» **WHAT IS BEING ASKED**: Leaving out the pictures, please reproduce exactly and only the lines from the one that contains "Женская кожаная сумка Love 21x12 см" through the last line below.
--------------------
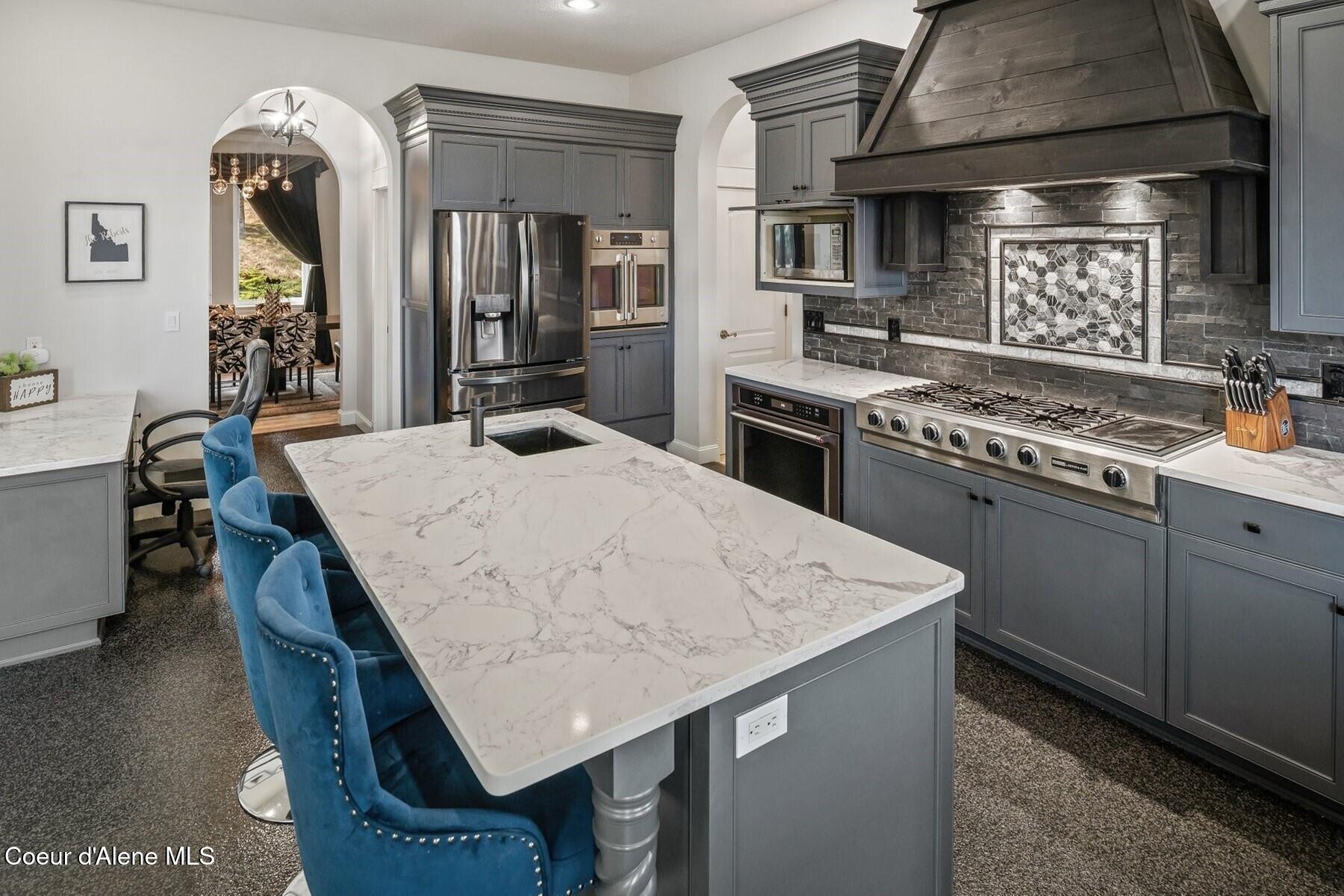 1238 North Reynolds Road Coeur D'Alene, ID 83814 - Photo 11 of 67 Large quartz island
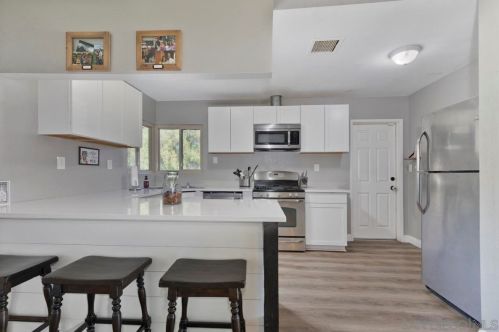 9606 Marilla Dr, Lakeside CA  92040-2806 exterior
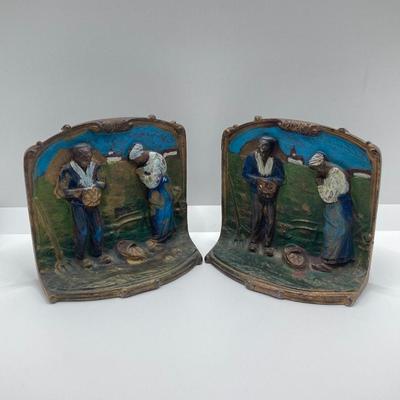LOT 167: Vintage / Antique Cast Metal Angelus Farmers Praying Couple Bookends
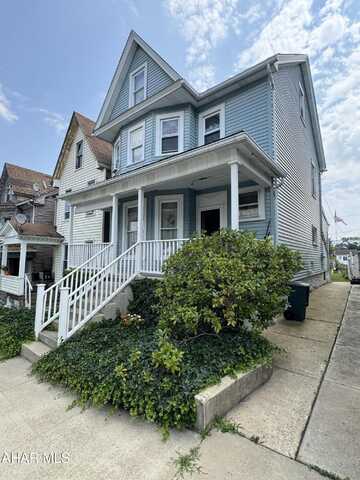 1421 17th Avenue, Altoona, PA 16601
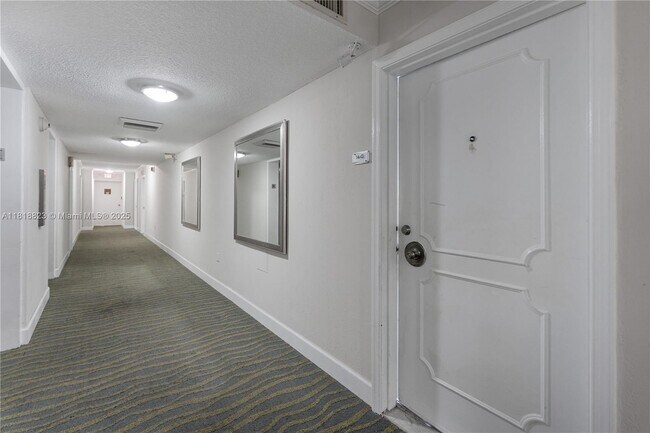 Foto del edificio - 5838 Collins Ave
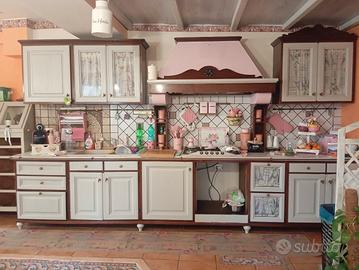 cucina style country  legno castagno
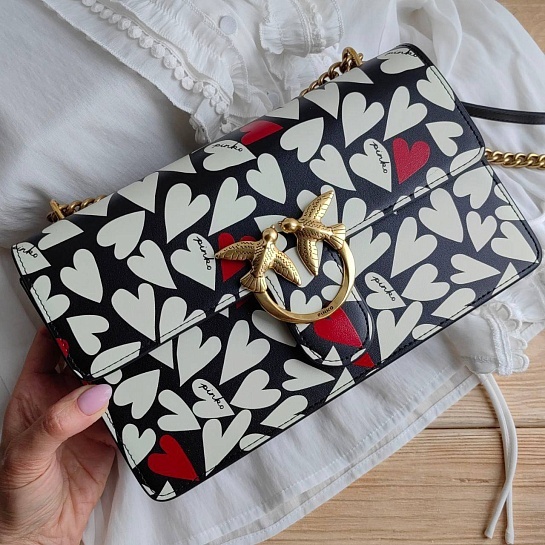 Женская кожаная сумка Love 21x12 см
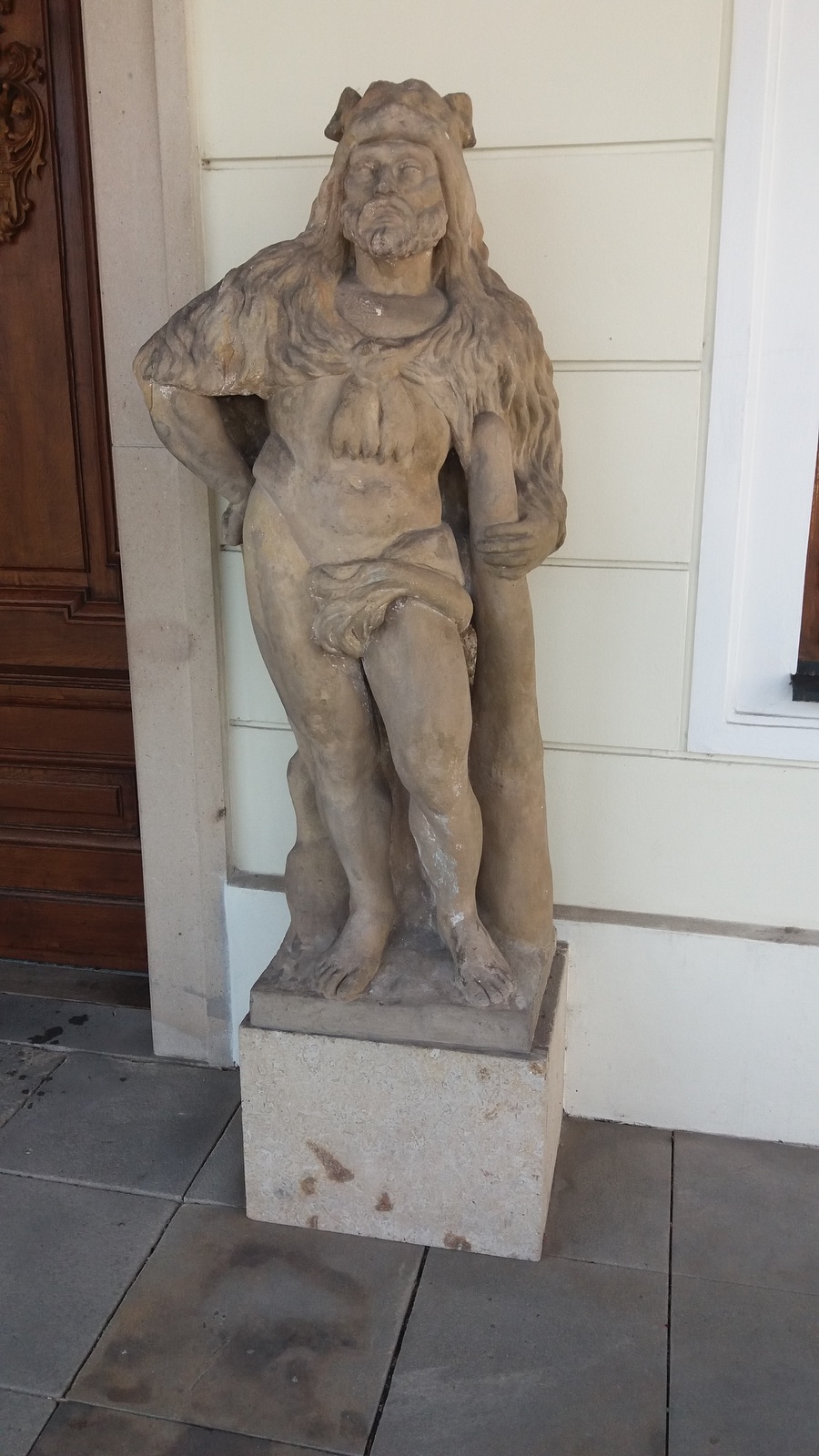Dvojice pískovcových soch mužských postav z 2. poloviny 17. století. KULTURNÍ PAMÁTKA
--------------------
» **TASK OUTPUT**:
 Женская кожаная сумка Love 21x12 см
Dvojice pískovcových soch mužských postav z 2. poloviny 17. století. KULTURNÍ PAMÁTKA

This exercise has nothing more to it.